Nixon’s spiritual successor is, of course, Bill Clinton (who also shows traces of Warren G. Harding), and if we really wanted to waste time, we could take this presidential if-they-mated bullshit a step further and note that Barack Obama is probably the farcial hybrid of Reagan and JFK (and yes, I’ve already done that), but I was supposed to be exclusively shitting on the Republicans tonight, so let’s just get back to the point, which is that Sarah Palin is the logical next step from the notoriously stupid vice-presidential punchline known as Dan Quayle. For some reason, this makes sense to me because everything I ever needed to know about politics, I learned in the ’80s:

1. 1984, watching the pretty U.S. map go blue (as it did back then) for all of Reagan’s states. I thought it was a nice color, and even at the tender age of 7 I was a geography geek, so it fascinated me, but I could hear my dad swearing in the other room whenever Sam Donaldson (or whoever it was) announced another state for the Gipper. It was ’84, remember, so my dad cussed a lot that night.

Lesson: Politics = geography and curse words.

2. 1988, when my best friend and I were the only 5th graders in our school who paid attention to the presidential campaign thanks to DC Follies, SNL, and the fact that we gambled—for pennies and nickels—on the wide-open primaries in both parties.

Lesson: Politics also = cartoons, bad jokes, and gambling.

“Well duh,” you say, and you’d be right, because in spite of that irrelevant citation, many other people have made the same conclusions (and many more are still reminding us that Quayle was on a winning ticket), but it’s worth repeating in light of Palin’s spastic debating performance in St. Louis tonight, very little of which I actually saw. That’s right—while Palin was desperately winking her way through two hundred cue-card cheat-sheets of Stupid, and Biden was manipulatively weeping over his long-dead family, I was watching Carlos Zambrano get shelled by the Dodgers.
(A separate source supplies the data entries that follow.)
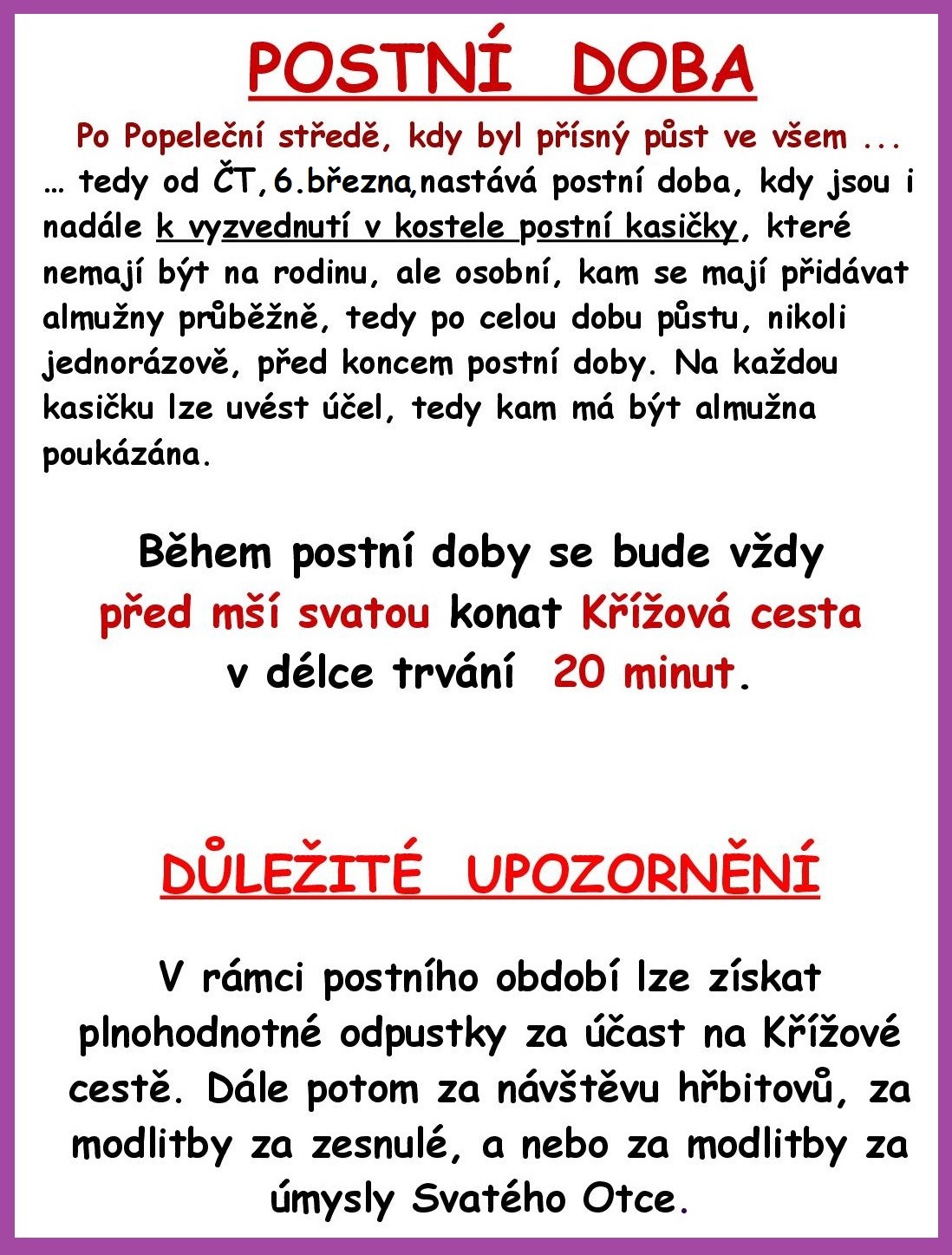 postni--doba-krizova-cetsa.jpg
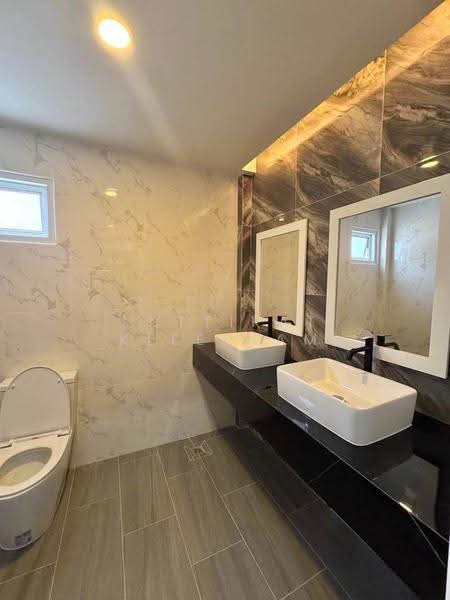 undefined, Phuket, Ratsada, Muang Phuket, Phuket, 4 Bedrooms, 325 sqm, Single Detached House For Sale, by Puttirat Kleebyam, 500526717 - DDproperty.com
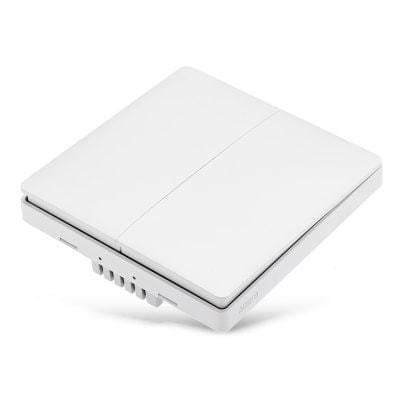Xiaomi Aqara Wall Switch Smart Light Control ZigBee
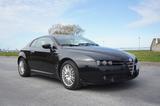 Alfa Romeo Brera 1.8 TBi 16V -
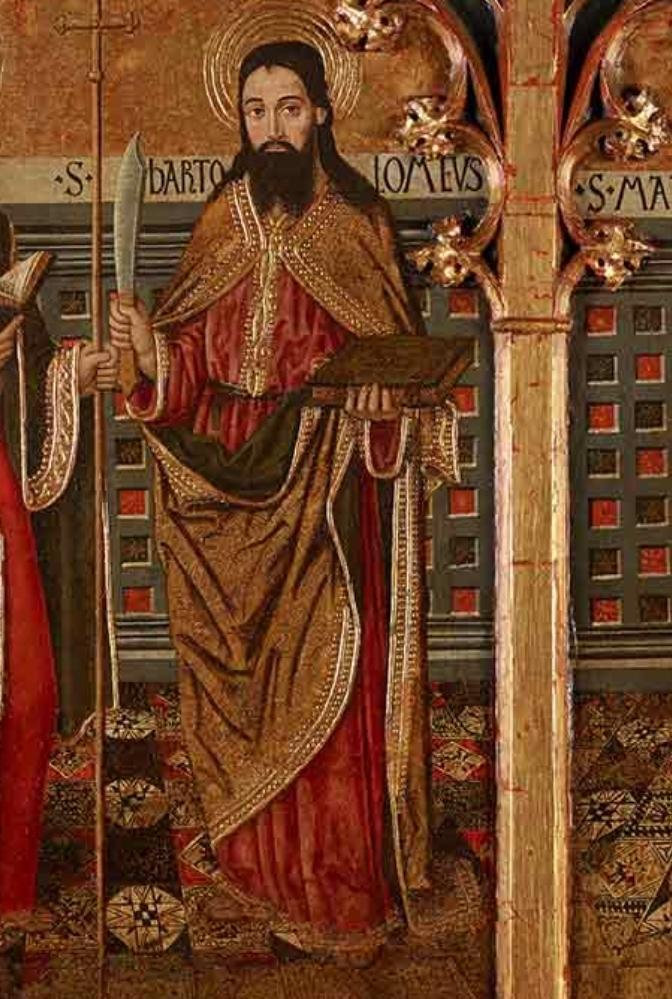 Per Tripadvisor il museo Ampuriense è “eccellente”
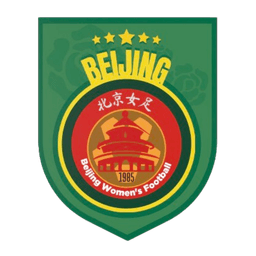 বেইজিং মহিলা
That’s how little I really give a shit about Sarah Palin and her lame-ass debate, folks; I’d rather watch the Cubs inch closer to blowing yet another playoff game and add to their hundred-year-drought of World Series Shame than sit through a second Palin coming-out party full of self-loathing and chaotic failure.

And yet here I am writing about the fucking thing at a quarter to one in the morning. Obviously, I’m not ranting from an entirely solid position here; aside from this very post, I myself do many illogical, less-than-intelligent things—I listen to U2, I have irrational faith in the Chicago Cubs, and I willingly vote for spineless liberal Democrats who invariably betray me once their ideals collide with reality. So yeah, I’m a sucker, but even suckers have standards, dude, and my standards will always involve falling back on the ever-reliable position of vituperative condescension whenever the subject of oblivious stupidity arises. If I think something is stupid, it’s pretty fucking stupid, and October of 2008 is only just beginning. I don’t think I can take two more McCain-Obama debates, but somewhere, Michael Dukakis is smiling. Come back to us, Tank-Man. All is forgiven.